What are the appropriate boundaries of governmental power, and how can citizens fight back when such limits are overstepped?
If you have the ability to help a fellow citizen, but doing so compromises your moral or religious beliefs, are you obligated to act?
How far should outdated laws be prosecuted before inhibiting the free expression of the people?
If I were to ask such questions, you might think I was preparing a letter to a newspaper's op-ed page.
And therein lies the proof that Shakespeare's works can be as current and topical as they are timeless, for these issues are faced by the characters in the UC Davis theater and dance department production of 'Measure for Measure.'
While many of this play's elements - notably bedroom mix-ups and stock comedic characters - have caused it to be listed as a comedy, 'Measure for Measure' has very little 'comedic' about it (and this production has very few laughs), and thus it has been called one of the bard's 'problem plays.'
The plot centers on Angelo (Jesse Merz), empowered by the Duke of Vienna (Timothy Orr) to rule the citizenry in his absence, with the assistance of Escalus (Sarah Cohen). While all believe the Duke is taking a brief sabbatical, he actually uses this opportunity to disguise himself as a friar, and then wander about the city and personally observe the extent of its moral decay.
Angelo, who today would be classified as an extreme fundamentalist, decides to use his temporary powers to enforce an archaic law against fornication; he begins shutting down bawdy houses and putting fornicators to death. One of these fornicators is Claudio (Daniel Reano-Koven), a young man who has impregnated his fiancee.
Claudio's sister, Isabella (Gia Battista), a novice in a convent, is made aware of her brother's plight; she comes to plead for his life.

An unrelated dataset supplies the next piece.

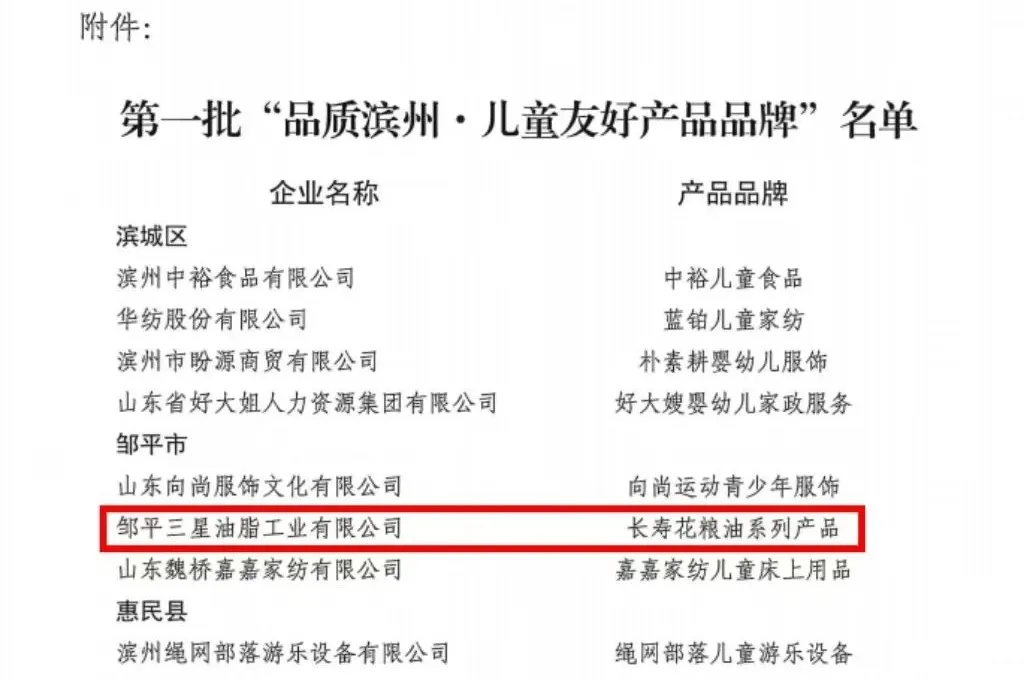 首页| 今年会·jnh中国官方网站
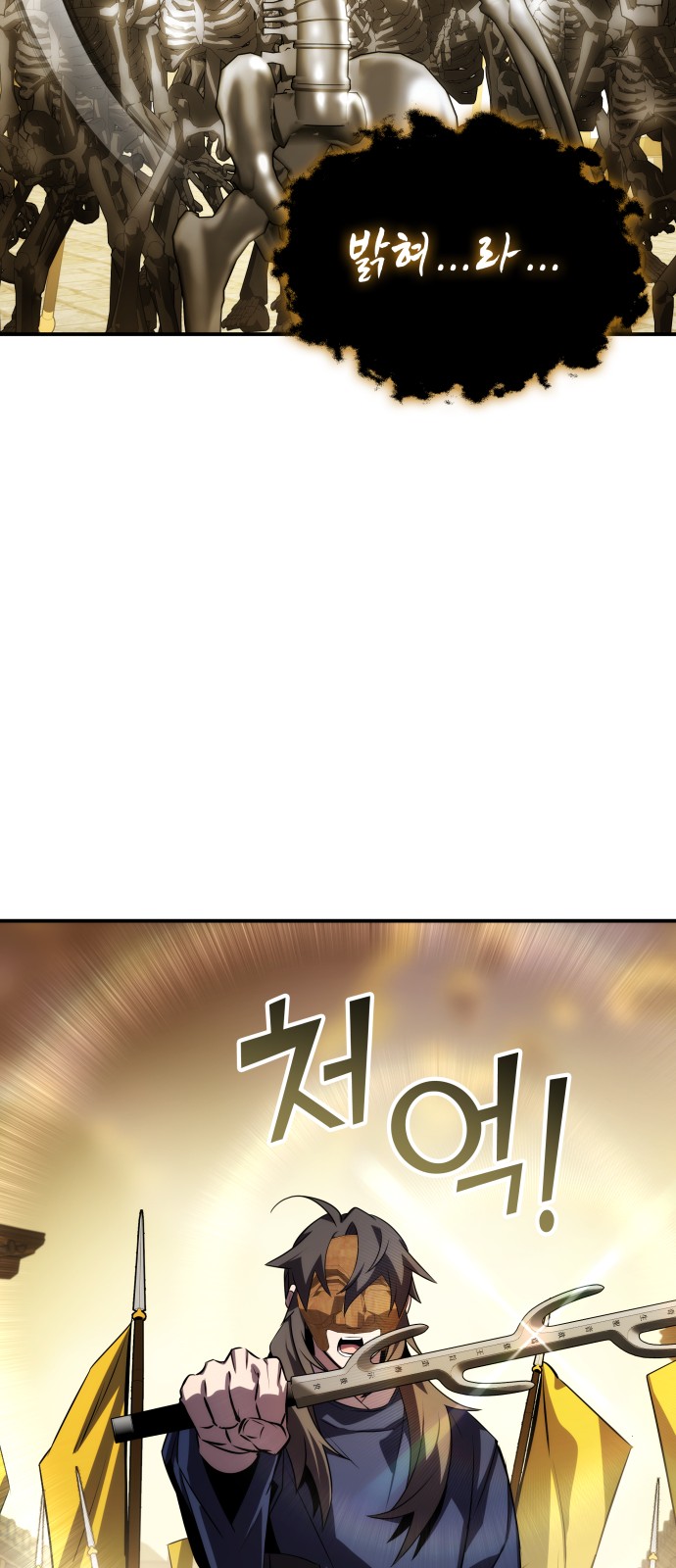 85 페이지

On seeing Isabella, Angelo - like so many modern-day zealots with feet of clay - falls in immediate lust with her, and attempts to blackmail her into his bed. The choice is her virtue or Claudio's life, Angelo tells her, knowing that even if she were to report him, nobody would believe her.
But the Duke is made aware of the plot, and he hatches a scheme of his own to save Isabella's virtue and reveal Angelo's duplicity.
A parallel comic storyline follows the banter among a 'flamboyant bachelor,' Lucio (Kevin Ganger); the brothel owner, Mistress Overdone (Cody Messick); and her employee, Pompey (Stephanie Hankinson).
Eventually, the good get their reward, and the bad their just desserts: All's well that ends well.
Director Randy Symank has mounted a strong production. The play is set in modern dress: so modern that the sex workers - Maryanne Reveles, Tracy Kutt, Karen Askeland and Kelly Fleischmann - wear tight, skimpy black dresses and wigs of electric fuschia, blue, green and copper.
The performances are excellent across the board, with Orr and Battista rising above the rest. Orr gives the Duke a likable, accessible demeanor; Battista brings a glowing 'goodness' to her character. Her passionate argument with Angelo is particularly moving.
On a lesser note, someone decided to add music to the production, for reasons I cannot fathom. Isaac Blackstock is credited with 'electric music composition,' and Rich Gaarde as music director and arranger, with vocals performed by Allison Minick and Isaac Blackstock. While nothing is wrong with the music, it feels gratuitous and out of place; it also adds nothing but extra minutes to the overall production.
I didn't mind the dancing so much - choreography by Hope Mirlis - but the 'Let's take a break here, and sing lyrics that aren't Shakespeare's words, which the audience can't understand anyway' parts easily could have been dropped.
'Measure for Measure' points a finger at hypocrisy, corruption and human frailty: sadly, all themes that seem much too applicable to today's political climate, and which make this Shakespeare classic all the more appropriate for a university production.